_INFORMATION_:
========================

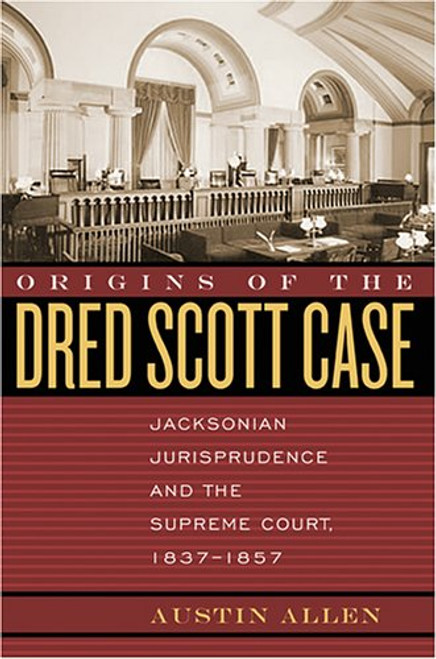 Origins of the Dred Scott Case: Jacksonian Jurisprudence and the Supreme Court, 1837-1857 (Studies in the Legal History of the South Ser.)
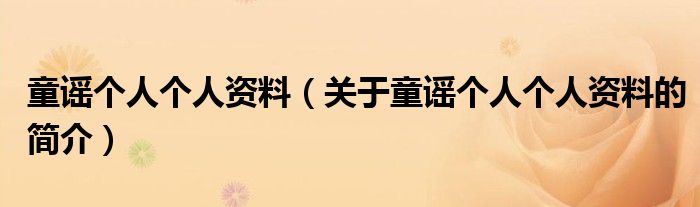 童謠個人個人資料（關于童謠個人個人資料的簡介）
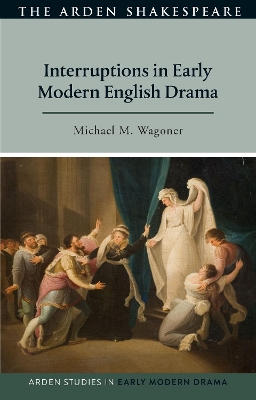 Interruptions in Early Modern English Drama book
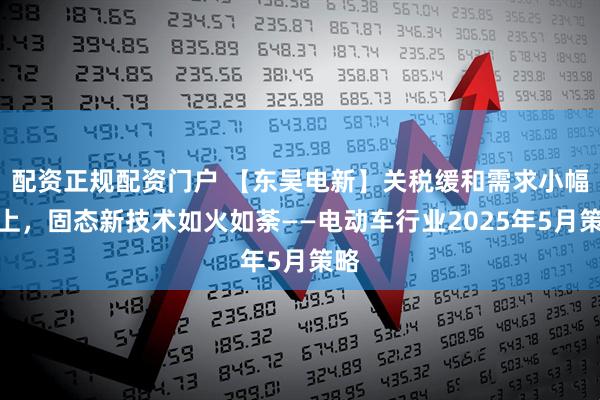 配资正规配资门户 【东吴电新】关税缓和需求小幅向上，固态新技术如火如荼——电动车行业2025年5月策略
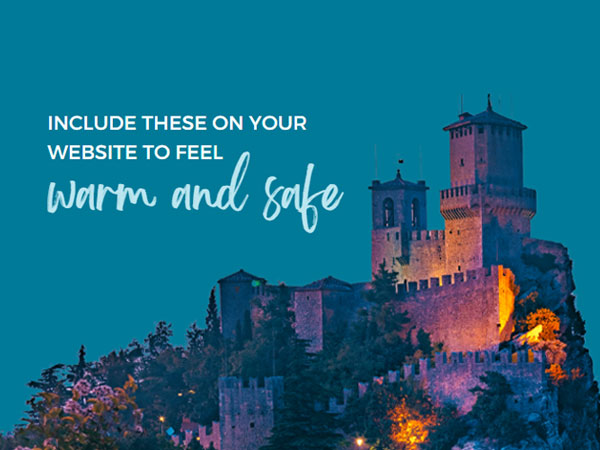Feel secure with your website: 7 elements to include for that warm and safe feeling.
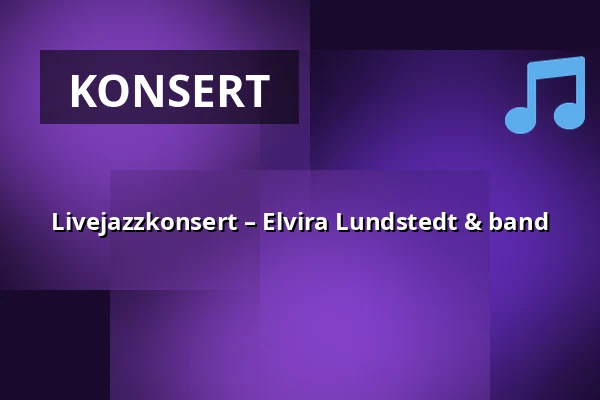 Livejazzkonsert – Elvira Lundstedt & band — Glenn Miller Café, Stockholm
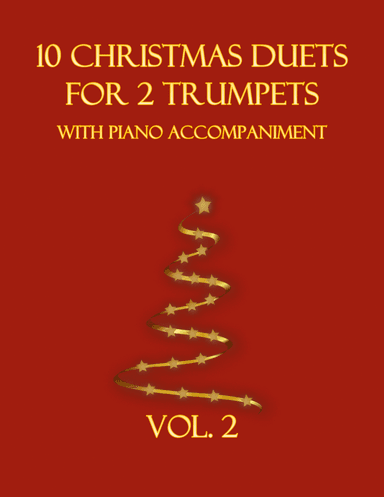 10 Christmas Duets for 2 Trumpets with Piano Accompaniment Vol. 2 (arr. B. C. Dockery)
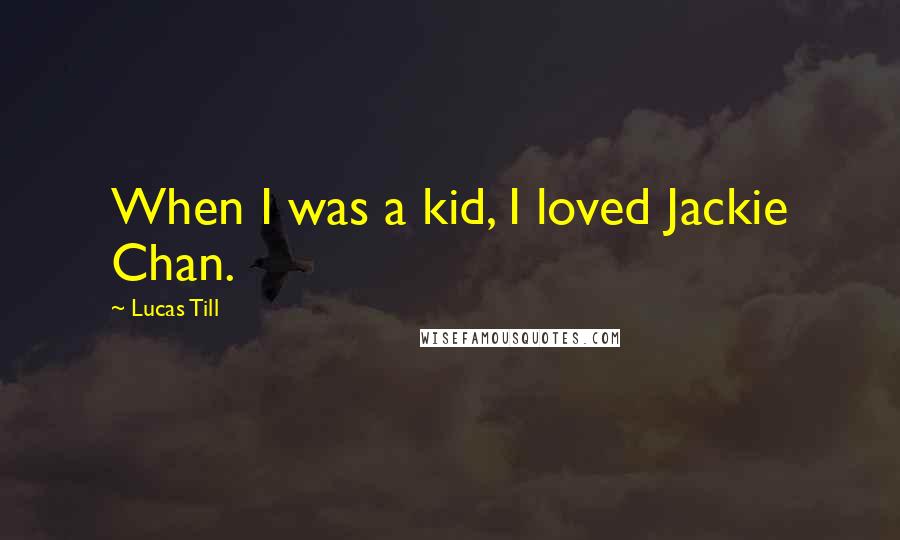 Lucas Till Quotes: When I was a kid, I loved Jackie Chan.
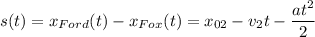 \displaystyle s(t)=x_{Ford}(t)-x_{Fox}(t)=x_{02}-v_2t-\frac{at^2}{2}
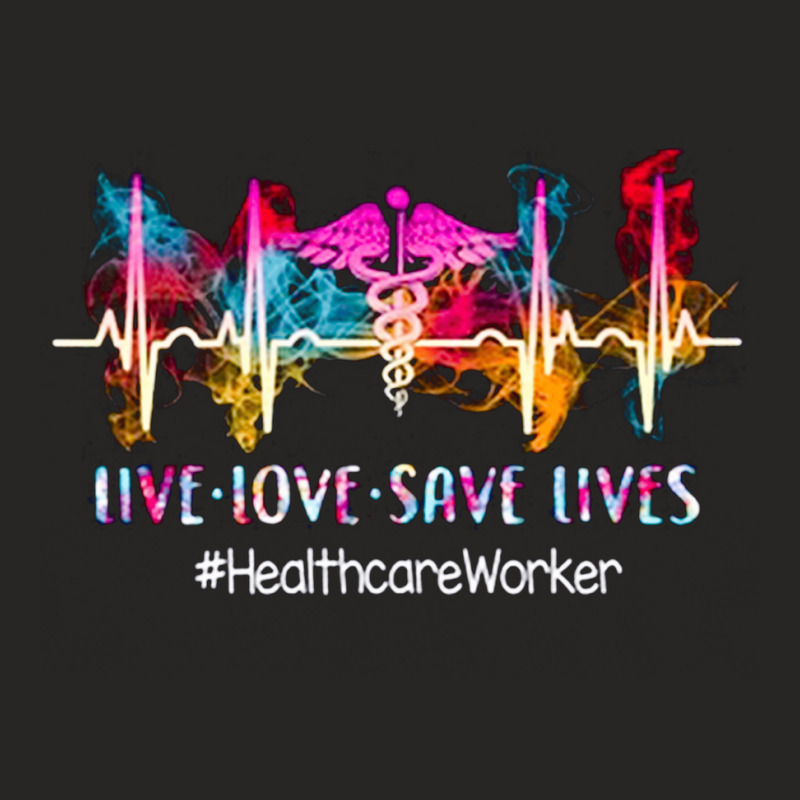 Live Love Save Lives, Health Care Worker, Nurse Life, Health Care Work Ladies Fitted T-Shirt by SHOPRTIUI | Artistshot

========================

_ASSIGNMENT_: Please set down exactly the lines from the one holding "Lucas Till Quotes: When" through the last line of the entries, both ends included, and skip pictures.

_SOLUTION_:
 Lucas Till Quotes: When I was a kid, I loved Jackie Chan.
 \displaystyle s(t)=x_{Ford}(t)-x_{Fox}(t)=x_{02}-v_2t-\frac{at^2}{2}
 Live Love Save Lives, Health Care Worker, Nurse Life, Health Care Work Ladies Fitted T-Shirt by SHOPRTIUI | Artistshot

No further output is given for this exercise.